[Dataset records]
=======

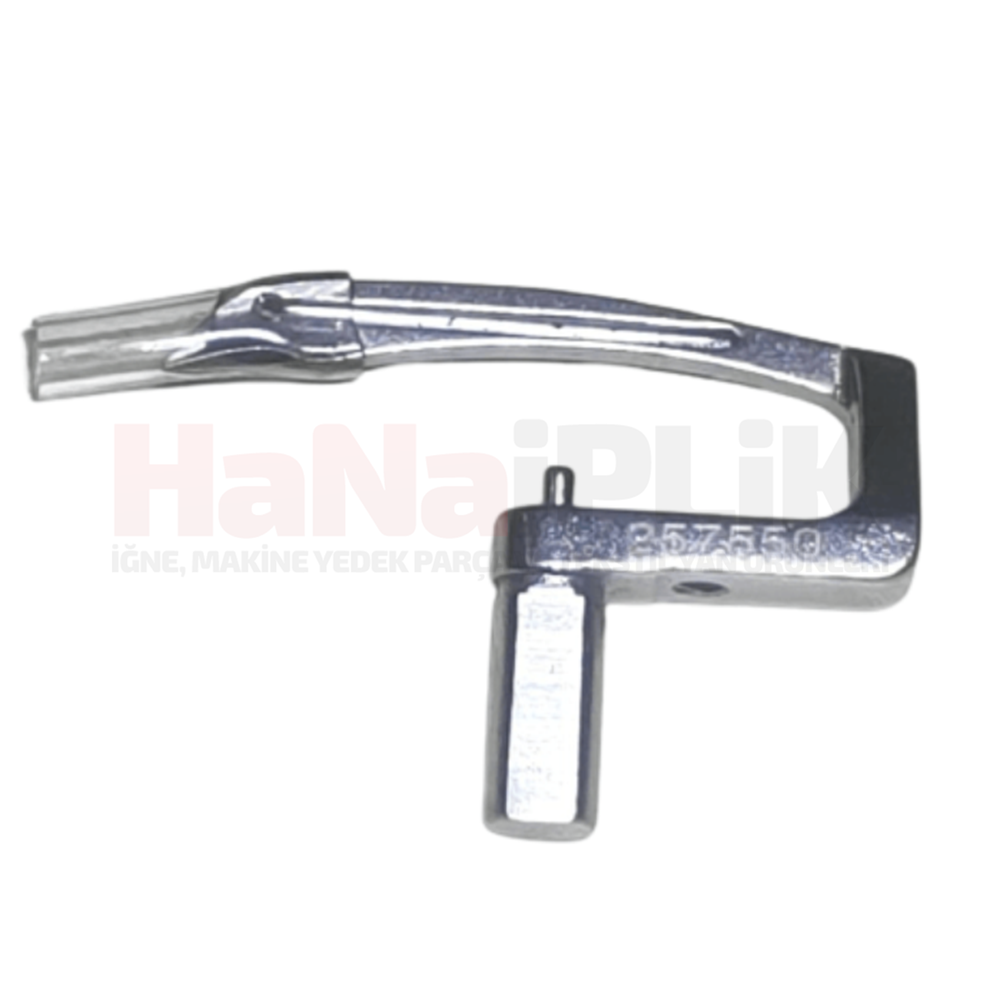 Pegasus Reçme W500 Lüper / 257550-91
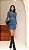 Vestido Joice - Imagem 1
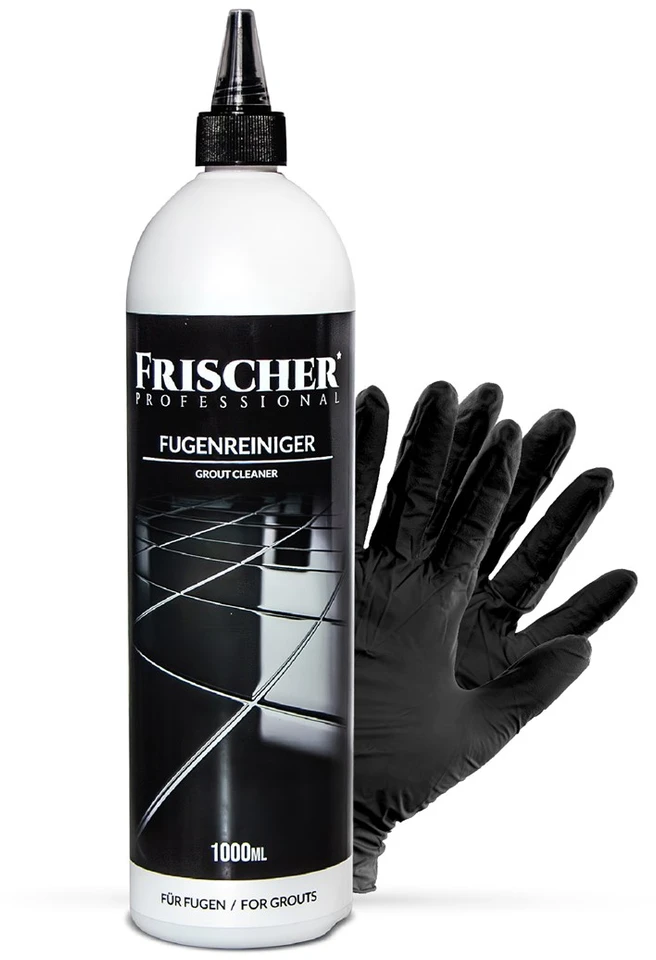 frischer Šviežias siūlių valiklis 1l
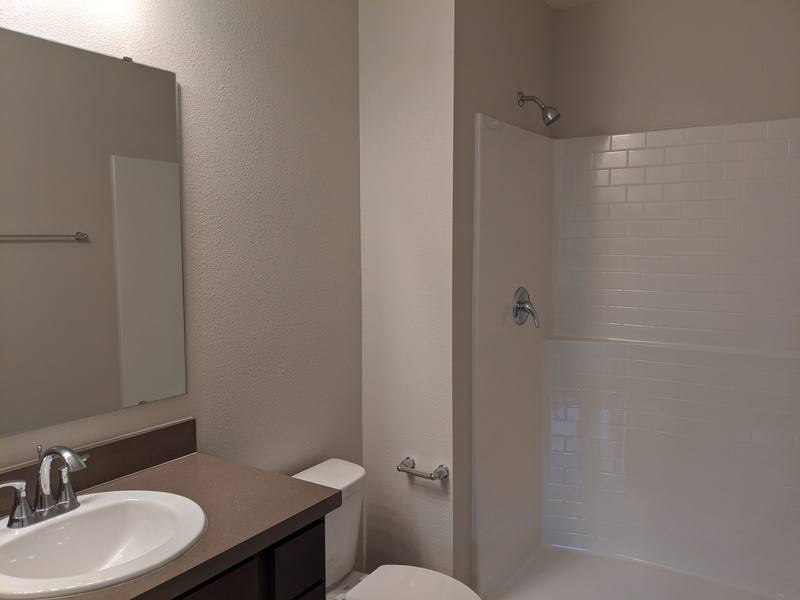 House for rent at 544 Pinecrest Loop, Davenport, FL 33837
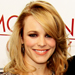 Rachel McAdams - Transformation - Beauty - Celebrity Before and After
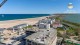 Beach Residence — interior apartament la cheie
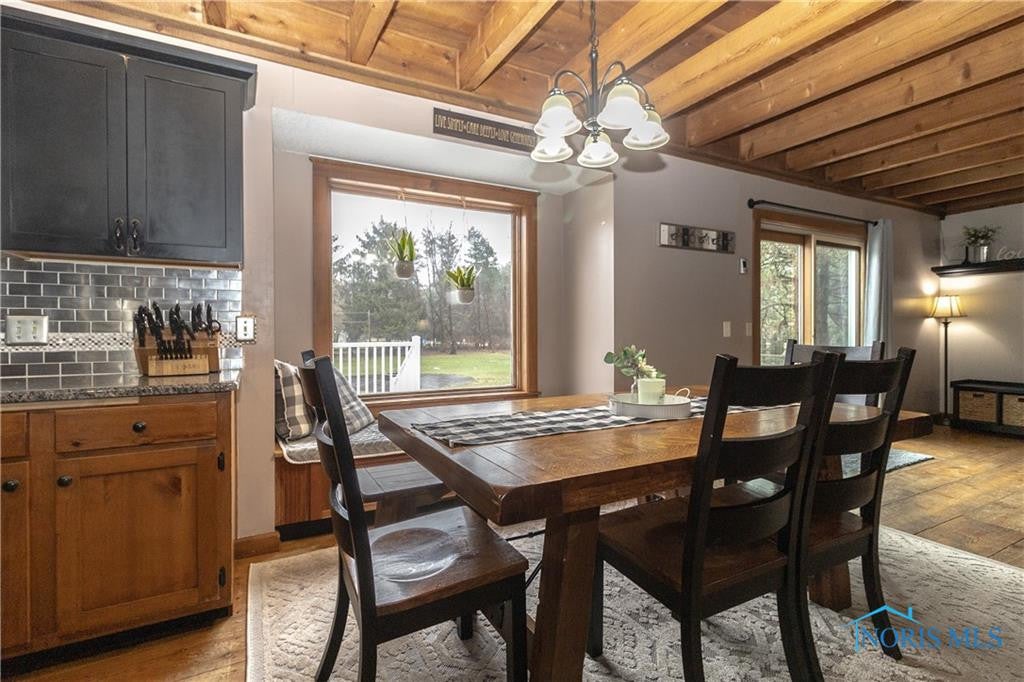 7425 Berridge Road Whitehouse, OH 43571 - Photo 10 of 42 Gallery Image 10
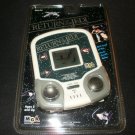 Star Wars Return of the Jedi - Vintage Handheld - Micro Games of America 1995 - Brand New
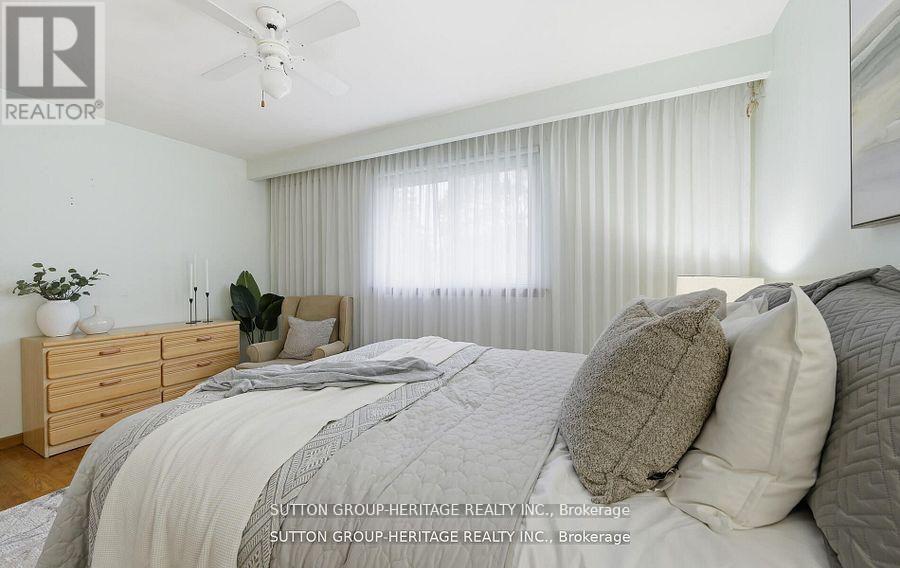 40 Hills Road, Ajax, Ontario  L1S 2W4 - Photo 15 - E12793788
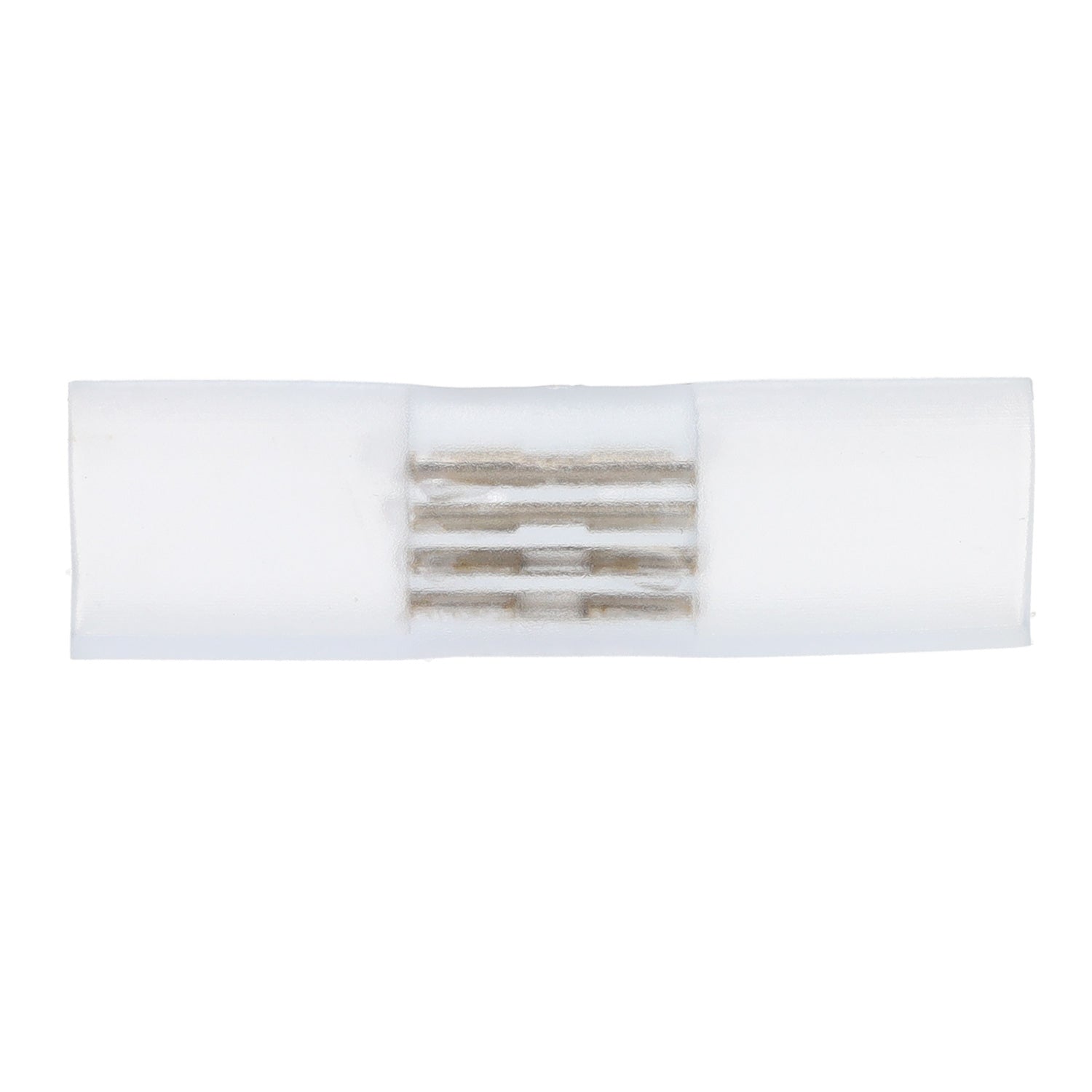 Conector de fita SKY-SHVN-3535-80L-RGB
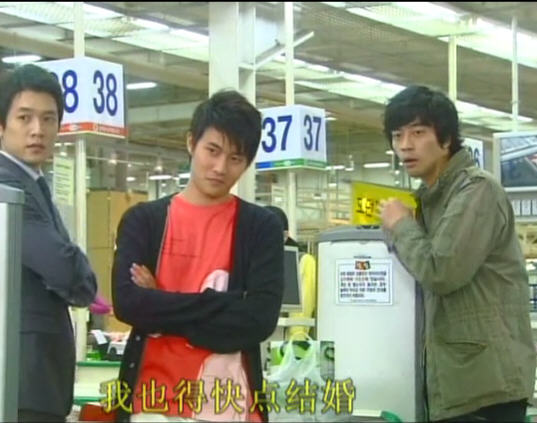 http://www.omega3-ala.com/pics/default/download/1125cf0485e59a5ce3ba3417ff5fce04.jpg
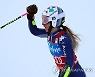 ITALY ALPINE SKIING WORLD CUP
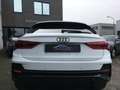 Audi Q3 Sportback 45 TFSIe 245 pk S-line Black Edition Wit - thumbnail 7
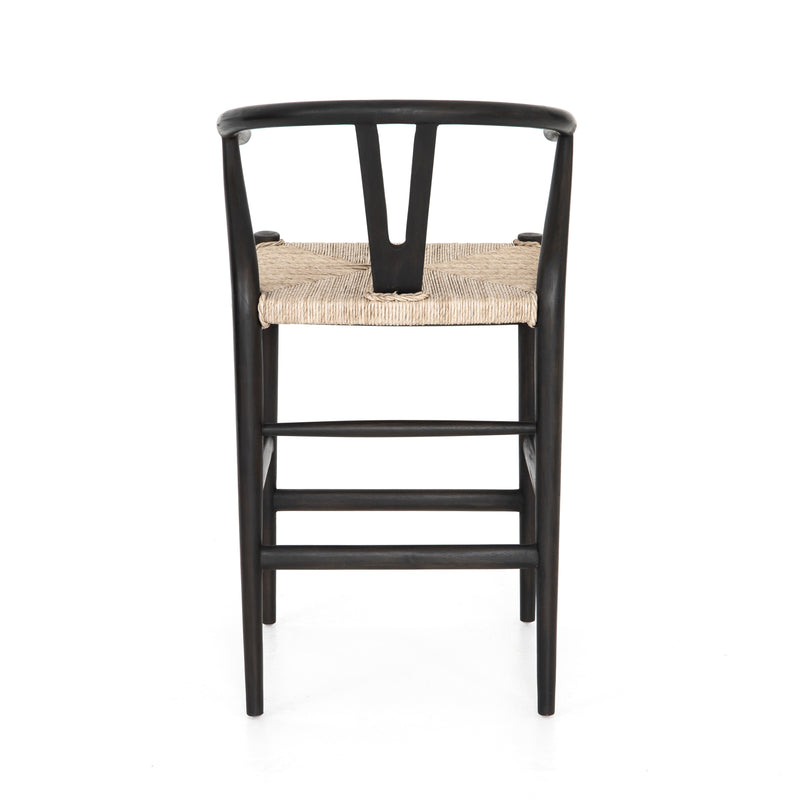 media image for Muestra Counter Stool 218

=======

■ **To do**
For this exercise, transcribe the entries verbatim and skip all pictures.

■ **Solved problem**
 Pegasus Reçme W500 Lüper / 257550-91
 Vestido Joice - Imagem 1
 frischer Šviežias siūlių valiklis 1l
 House for rent at 544 Pinecrest Loop, Davenport, FL 33837
 Rachel McAdams - Transformation - Beauty - Celebrity Before and After
 Beach Residence — interior apartament la cheie
 7425 Berridge Road Whitehouse, OH 43571 - Photo 10 of 42 Gallery Image 10
 Star Wars Return of the Jedi - Vintage Handheld - Micro Games of America 1995 - Brand New
 40 Hills Road, Ajax, Ontario  L1S 2W4 - Photo 15 - E12793788
 Conector de fita SKY-SHVN-3535-80L-RGB
 http://www.omega3-ala.com/pics/default/download/1125cf0485e59a5ce3ba3417ff5fce04.jpg
 ITALY ALPINE SKIING WORLD CUP
 Audi Q3 Sportback 45 TFSIe 245 pk S-line Black Edition Wit - thumbnail 7
 media image for Muestra Counter Stool 218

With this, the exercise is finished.